The real battle is a logical and empathetic one. How do we make this film different from the gratuitous suffering that the news depicts, while still grounding the inspiring and happy smaller moments in the sobering and terrible reality in this country? How do we best support the survivors who agree to tell their stories and in the process retraumatize themselves? What is the best way to visually express complex emotional truths that are only fully understood by those who lived them? How the f*#!k do we inspire people to join this global coalition of allies to eliminate all humanitarian crises around the world with our stupidly ambitious film?
Agency: The story in Wild Fields is largely told from the perspective of a Ukrainian eco-anarchist. Can you share a little about what the eco-anarchist movement looks like in Ukraine?
Troy: The people who identify as eco-anarchists in Ukraine are seeing, documenting, and organizing parts of the biggest flourishing of rapidly shifting initiatives by the local and global working class that the country has ever seen. They are most notably involved in the plans and pilot projects to rebuild the country into a decentralized society focused on food and energy sovereignty. This could turn out to be a monumental evolution of society and economy considering that Ukraine accounts for 40% of the World Food Program’s wheat and contributes between 10% and 15% of the world’s two largest staple crops. Decentralized energy would have made it infinitely harder for Russia to destabilize the country through military aggression. The movement is also involved in media, academia, and organization for an army of humanitarian groups.
Agency: How can people support Wild Fields and learn more?
Troy: Beyond directly contributing to the campaign to fund the film, the best way for people to support us is to search their memories for anyone they’ve ever met and personally call people who they think would be most likely to contribute to the film’s production. We don’t expect anybody to donate money unless this is exactly what they’ve been looking to fund. Sharing on social media is also incredibly appreciated, but doesn’t seem to do as much as personal communication!
Another thing people can do is relay to us any relevant characters or stories. We’re still searching around the world for unexpected connections to this global solidarity movement we’re seeing in Ukraine and how it could carry on beyond this war.

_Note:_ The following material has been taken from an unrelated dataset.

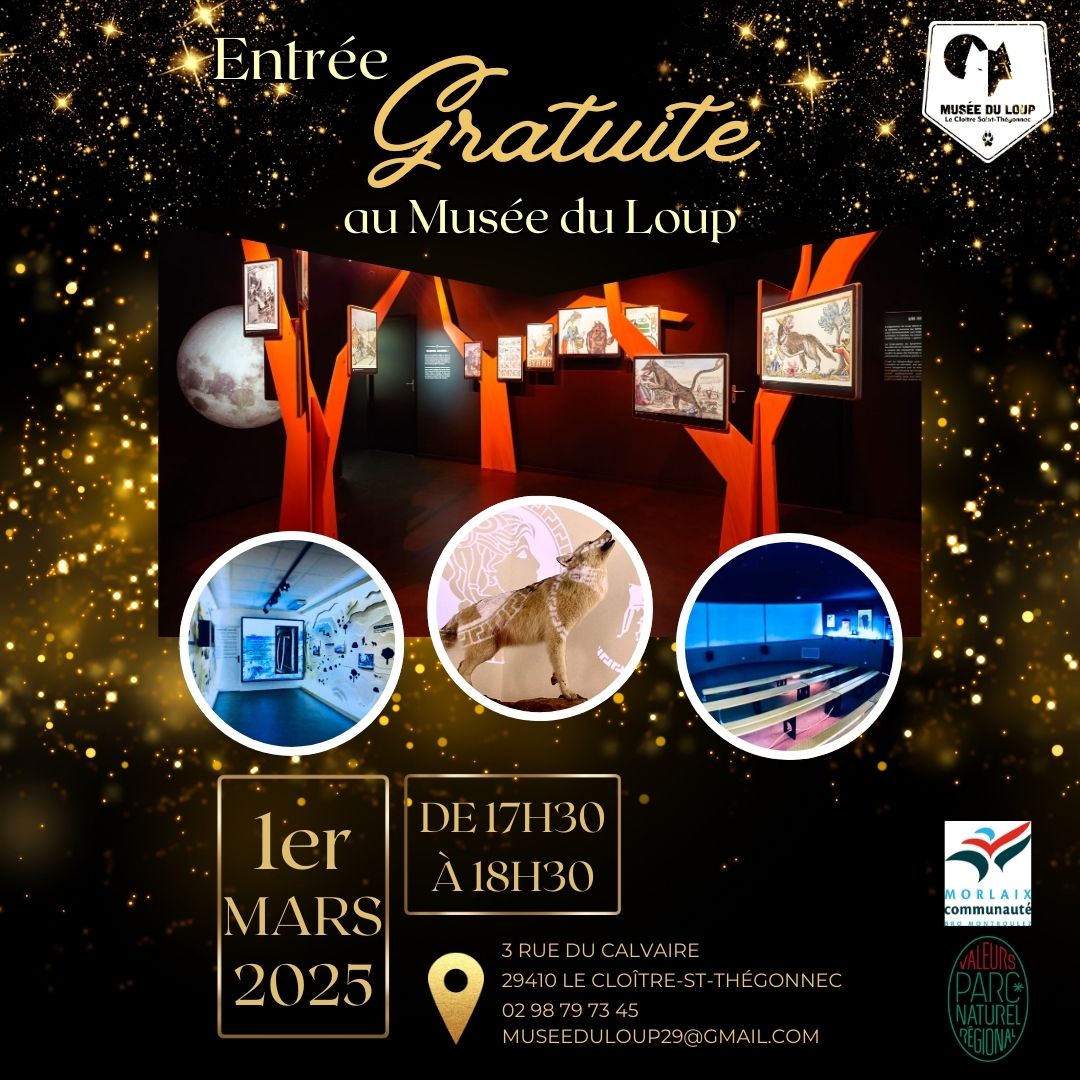 Afin de célébrer l'ouverture du Bistrot du Cragou, le Musée du Loup ouvrira GRATUITEMENT ses portes le samedi 1er mars de 17h30 à 18h30 !

Venez découvrir le loup, si inspirant et si différent du Grand Méchant Loup des contes... #museeduloup #loup #finistere #montdarree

With a decade of prior experience in documentary and commercial video work, Troy Ozuna has been making humanitarian / environmentalist documentaries since 2018. He directed the refugee-focused documentary Island of Gardens, and two docuseries: The Netrunner Diaries and Earthlings. Since 2016, he has lived and filmed out of a van, sailboat, and even on a bicycle. Roughing it to tell the world’s story is his modus operandi, especially with the age of easy travel seemingly coming to an end. He crafts globe-spanning documentary stories that blend geopolitical movements, surprising histories, and independent humanitarian efforts to make sense of our troubled species.